If we assume that GK110 is not easy to manufacture, that 28nm wafers are expensive, and the yields aren't great yet, then NV will sell GK110 to professionals where they can justify it financially and may at a later date start building up a supply of failed GK110 chips that couldn't meet the 15 SMX spec. After harvesting enough failed GK110 chips, they'd have a better idea if they can launch a 12-13 SMX cluster consumer product.

My guess is NV won't launch GK110-based product until after HD8970. Since from what I've read HD8970 won't launch until Q1 2013, I wouldn't expect GK110 until then at the earliest.

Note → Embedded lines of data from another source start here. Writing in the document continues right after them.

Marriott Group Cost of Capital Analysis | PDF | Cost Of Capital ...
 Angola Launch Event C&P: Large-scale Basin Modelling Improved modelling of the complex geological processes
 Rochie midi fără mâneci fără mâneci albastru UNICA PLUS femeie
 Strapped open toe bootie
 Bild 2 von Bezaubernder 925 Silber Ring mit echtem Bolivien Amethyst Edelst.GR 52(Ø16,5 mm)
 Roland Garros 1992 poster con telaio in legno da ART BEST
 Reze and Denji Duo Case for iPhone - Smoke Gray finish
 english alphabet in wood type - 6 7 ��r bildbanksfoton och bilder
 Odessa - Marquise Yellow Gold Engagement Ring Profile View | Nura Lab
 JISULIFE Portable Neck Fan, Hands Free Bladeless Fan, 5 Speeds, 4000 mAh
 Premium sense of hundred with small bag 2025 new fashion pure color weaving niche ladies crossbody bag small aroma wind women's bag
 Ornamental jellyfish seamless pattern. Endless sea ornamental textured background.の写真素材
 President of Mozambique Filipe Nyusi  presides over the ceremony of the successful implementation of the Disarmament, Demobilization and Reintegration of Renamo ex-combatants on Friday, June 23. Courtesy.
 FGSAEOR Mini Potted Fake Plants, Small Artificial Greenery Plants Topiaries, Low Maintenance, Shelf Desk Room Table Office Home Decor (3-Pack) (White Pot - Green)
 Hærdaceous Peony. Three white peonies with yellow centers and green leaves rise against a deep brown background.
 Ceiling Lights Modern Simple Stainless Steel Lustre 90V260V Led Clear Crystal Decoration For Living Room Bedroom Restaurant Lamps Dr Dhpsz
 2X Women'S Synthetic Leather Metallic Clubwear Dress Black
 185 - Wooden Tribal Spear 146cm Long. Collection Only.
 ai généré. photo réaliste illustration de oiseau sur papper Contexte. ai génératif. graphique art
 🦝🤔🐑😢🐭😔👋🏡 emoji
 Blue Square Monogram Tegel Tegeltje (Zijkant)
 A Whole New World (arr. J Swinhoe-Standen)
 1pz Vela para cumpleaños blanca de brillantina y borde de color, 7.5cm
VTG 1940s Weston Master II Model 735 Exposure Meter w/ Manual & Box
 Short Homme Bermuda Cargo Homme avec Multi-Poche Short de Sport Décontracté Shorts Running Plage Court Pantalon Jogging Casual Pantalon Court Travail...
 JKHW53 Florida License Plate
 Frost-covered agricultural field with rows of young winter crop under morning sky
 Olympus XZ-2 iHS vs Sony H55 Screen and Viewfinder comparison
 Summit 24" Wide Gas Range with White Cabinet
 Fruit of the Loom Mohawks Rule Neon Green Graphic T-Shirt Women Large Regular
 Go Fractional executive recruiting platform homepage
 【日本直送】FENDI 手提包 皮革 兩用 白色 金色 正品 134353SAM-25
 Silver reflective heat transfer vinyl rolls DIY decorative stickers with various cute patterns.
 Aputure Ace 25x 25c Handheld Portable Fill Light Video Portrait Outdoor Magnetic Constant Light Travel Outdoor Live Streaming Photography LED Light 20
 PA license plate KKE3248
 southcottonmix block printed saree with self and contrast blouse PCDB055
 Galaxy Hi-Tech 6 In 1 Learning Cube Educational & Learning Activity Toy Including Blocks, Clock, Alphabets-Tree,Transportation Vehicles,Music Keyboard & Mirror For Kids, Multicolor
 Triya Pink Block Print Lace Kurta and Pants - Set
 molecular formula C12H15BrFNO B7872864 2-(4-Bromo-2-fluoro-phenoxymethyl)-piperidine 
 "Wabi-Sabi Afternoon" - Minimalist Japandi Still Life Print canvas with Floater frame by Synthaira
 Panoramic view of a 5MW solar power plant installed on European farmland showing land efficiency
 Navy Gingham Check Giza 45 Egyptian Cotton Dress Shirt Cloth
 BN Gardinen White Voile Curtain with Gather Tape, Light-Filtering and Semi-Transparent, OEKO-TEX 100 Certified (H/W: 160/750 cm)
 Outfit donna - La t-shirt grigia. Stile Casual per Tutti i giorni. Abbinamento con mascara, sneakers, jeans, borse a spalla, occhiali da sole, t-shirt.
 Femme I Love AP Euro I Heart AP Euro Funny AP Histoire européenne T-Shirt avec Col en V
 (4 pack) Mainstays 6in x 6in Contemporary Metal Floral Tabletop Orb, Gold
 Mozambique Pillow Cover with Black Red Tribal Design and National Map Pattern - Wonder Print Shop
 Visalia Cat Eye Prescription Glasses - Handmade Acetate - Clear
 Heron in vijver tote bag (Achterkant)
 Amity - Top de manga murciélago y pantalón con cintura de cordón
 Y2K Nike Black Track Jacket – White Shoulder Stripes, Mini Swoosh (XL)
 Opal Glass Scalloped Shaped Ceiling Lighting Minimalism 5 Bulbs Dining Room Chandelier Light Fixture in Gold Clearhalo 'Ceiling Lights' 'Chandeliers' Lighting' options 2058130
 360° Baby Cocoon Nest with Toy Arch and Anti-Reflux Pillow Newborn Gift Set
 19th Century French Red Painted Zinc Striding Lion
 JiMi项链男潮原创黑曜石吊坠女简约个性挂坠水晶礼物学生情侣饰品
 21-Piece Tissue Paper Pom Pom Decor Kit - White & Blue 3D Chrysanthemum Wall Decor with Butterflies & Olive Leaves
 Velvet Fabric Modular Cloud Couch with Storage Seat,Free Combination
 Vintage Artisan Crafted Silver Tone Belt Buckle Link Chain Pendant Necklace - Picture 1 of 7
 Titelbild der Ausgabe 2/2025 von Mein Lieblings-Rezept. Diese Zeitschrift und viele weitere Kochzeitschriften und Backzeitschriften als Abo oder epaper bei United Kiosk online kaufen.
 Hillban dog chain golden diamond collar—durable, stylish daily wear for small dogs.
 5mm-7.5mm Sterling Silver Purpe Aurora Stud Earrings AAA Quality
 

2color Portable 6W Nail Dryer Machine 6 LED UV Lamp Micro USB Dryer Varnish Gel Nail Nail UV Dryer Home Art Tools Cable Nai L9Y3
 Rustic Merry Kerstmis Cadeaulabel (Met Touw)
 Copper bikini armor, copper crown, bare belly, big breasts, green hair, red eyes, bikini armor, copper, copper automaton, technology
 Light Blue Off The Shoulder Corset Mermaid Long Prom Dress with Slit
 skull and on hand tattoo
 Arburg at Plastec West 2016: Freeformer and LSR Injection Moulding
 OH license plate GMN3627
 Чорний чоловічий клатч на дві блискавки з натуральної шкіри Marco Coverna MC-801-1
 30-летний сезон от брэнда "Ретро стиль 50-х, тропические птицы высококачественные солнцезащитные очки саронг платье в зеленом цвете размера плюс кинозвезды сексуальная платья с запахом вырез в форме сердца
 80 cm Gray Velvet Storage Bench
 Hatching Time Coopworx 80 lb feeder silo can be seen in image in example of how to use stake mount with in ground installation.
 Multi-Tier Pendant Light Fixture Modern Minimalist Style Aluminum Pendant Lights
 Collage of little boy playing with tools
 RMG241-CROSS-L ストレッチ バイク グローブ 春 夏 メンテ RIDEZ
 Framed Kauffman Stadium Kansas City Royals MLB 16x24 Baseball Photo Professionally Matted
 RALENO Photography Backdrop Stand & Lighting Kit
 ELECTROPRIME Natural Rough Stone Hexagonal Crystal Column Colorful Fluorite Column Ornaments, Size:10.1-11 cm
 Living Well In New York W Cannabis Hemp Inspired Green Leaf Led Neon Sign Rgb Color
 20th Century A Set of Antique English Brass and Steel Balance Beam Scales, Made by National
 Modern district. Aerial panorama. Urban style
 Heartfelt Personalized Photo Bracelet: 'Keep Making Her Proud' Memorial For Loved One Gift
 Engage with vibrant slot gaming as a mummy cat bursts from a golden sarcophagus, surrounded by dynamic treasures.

The other possibility is some other NV chip that we haven't heard about. Is it out of the realm of possibility that NV could simply build an entirely new chip from scratch based on GK104 1 SMX cluster = 192 SPs layout? Could NV build a 2304 SP "GK104" and call it GKxxx? Does it have to be based on GK110?

GK104 was so fast for its size, I'm convinced nVidia held it back on purpose with the voltage shenanigans in order to give themselves some breathing room to release either a faster GK104 part and/or not infringe too closely to a stock GK110 which would likely be clocked much lower to keep temps down.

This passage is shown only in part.